--- SOURCE RECORDS ---
******************************
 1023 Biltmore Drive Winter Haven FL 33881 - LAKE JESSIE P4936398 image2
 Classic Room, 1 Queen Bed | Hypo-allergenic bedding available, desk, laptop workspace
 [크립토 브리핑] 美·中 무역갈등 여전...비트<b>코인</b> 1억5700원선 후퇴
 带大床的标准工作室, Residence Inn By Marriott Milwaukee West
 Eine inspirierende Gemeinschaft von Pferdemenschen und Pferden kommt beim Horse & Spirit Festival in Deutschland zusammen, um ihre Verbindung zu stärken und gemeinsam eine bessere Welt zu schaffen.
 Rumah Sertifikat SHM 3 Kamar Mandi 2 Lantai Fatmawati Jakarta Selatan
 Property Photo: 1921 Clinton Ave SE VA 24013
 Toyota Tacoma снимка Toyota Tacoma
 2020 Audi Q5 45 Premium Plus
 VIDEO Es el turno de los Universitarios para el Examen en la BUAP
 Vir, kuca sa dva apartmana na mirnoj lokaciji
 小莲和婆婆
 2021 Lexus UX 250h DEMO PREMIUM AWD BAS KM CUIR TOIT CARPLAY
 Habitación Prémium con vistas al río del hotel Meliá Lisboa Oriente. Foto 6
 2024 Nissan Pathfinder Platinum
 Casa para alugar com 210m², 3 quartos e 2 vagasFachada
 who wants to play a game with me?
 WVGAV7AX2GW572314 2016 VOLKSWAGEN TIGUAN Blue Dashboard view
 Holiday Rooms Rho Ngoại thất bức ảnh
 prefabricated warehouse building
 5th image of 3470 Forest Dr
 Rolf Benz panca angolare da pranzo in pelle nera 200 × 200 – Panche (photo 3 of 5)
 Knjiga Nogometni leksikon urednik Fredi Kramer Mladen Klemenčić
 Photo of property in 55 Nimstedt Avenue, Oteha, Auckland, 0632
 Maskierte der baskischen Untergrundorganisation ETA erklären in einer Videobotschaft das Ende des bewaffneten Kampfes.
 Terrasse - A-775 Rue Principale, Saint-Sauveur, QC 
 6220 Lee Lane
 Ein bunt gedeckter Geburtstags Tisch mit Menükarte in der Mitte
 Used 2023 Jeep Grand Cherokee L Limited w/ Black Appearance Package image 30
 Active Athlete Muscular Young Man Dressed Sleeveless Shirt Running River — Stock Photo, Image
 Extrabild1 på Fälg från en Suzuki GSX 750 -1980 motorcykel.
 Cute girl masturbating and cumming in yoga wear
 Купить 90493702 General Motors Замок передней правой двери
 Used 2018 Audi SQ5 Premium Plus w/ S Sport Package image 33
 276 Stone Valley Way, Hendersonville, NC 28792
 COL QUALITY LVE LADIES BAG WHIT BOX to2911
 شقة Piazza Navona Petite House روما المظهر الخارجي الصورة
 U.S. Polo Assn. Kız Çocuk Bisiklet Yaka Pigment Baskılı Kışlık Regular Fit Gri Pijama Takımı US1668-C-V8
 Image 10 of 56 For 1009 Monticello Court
******************************
--- GOAL OF THE EXERCISE ---
Reproduce exactly the stretch of the material above that starts at the line with "[크립토 브리핑] 美·中" and ends at the line with "U.S. Polo Assn.", both included, and nothing else.

--- OUTPUT BELOW ---
 [크립토 브리핑] 美·中 무역갈등 여전...비트<b>코인</b> 1억5700원선 후퇴
 带大床的标准工作室, Residence Inn By Marriott Milwaukee West
 Eine inspirierende Gemeinschaft von Pferdemenschen und Pferden kommt beim Horse & Spirit Festival in Deutschland zusammen, um ihre Verbindung zu stärken und gemeinsam eine bessere Welt zu schaffen.
 Rumah Sertifikat SHM 3 Kamar Mandi 2 Lantai Fatmawati Jakarta Selatan
 Property Photo: 1921 Clinton Ave SE VA 24013
 Toyota Tacoma снимка Toyota Tacoma
 2020 Audi Q5 45 Premium Plus
 VIDEO Es el turno de los Universitarios para el Examen en la BUAP
 Vir, kuca sa dva apartmana na mirnoj lokaciji
 小莲和婆婆
 2021 Lexus UX 250h DEMO PREMIUM AWD BAS KM CUIR TOIT CARPLAY
 Habitación Prémium con vistas al río del hotel Meliá Lisboa Oriente. Foto 6
 2024 Nissan Pathfinder Platinum
 Casa para alugar com 210m², 3 quartos e 2 vagasFachada
 who wants to play a game with me?
 WVGAV7AX2GW572314 2016 VOLKSWAGEN TIGUAN Blue Dashboard view
 Holiday Rooms Rho Ngoại thất bức ảnh
 prefabricated warehouse building
 5th image of 3470 Forest Dr
 Rolf Benz panca angolare da pranzo in pelle nera 200 × 200 – Panche (photo 3 of 5)
 Knjiga Nogometni leksikon urednik Fredi Kramer Mladen Klemenčić
 Photo of property in 55 Nimstedt Avenue, Oteha, Auckland, 0632
 Maskierte der baskischen Untergrundorganisation ETA erklären in einer Videobotschaft das Ende des bewaffneten Kampfes.
 Terrasse - A-775 Rue Principale, Saint-Sauveur, QC 
 6220 Lee Lane
 Ein bunt gedeckter Geburtstags Tisch mit Menükarte in der Mitte
 Used 2023 Jeep Grand Cherokee L Limited w/ Black Appearance Package image 30
 Active Athlete Muscular Young Man Dressed Sleeveless Shirt Running River — Stock Photo, Image
 Extrabild1 på Fälg från en Suzuki GSX 750 -1980 motorcykel.
 Cute girl masturbating and cumming in yoga wear
 Купить 90493702 General Motors Замок передней правой двери
 Used 2018 Audi SQ5 Premium Plus w/ S Sport Package image 33
 276 Stone Valley Way, Hendersonville, NC 28792
 COL QUALITY LVE LADIES BAG WHIT BOX to2911
 شقة Piazza Navona Petite House روما المظهر الخارجي الصورة
 U.S. Polo Assn. Kız Çocuk Bisiklet Yaka Pigment Baskılı Kışlık Regular Fit Gri Pijama Takımı US1668-C-V8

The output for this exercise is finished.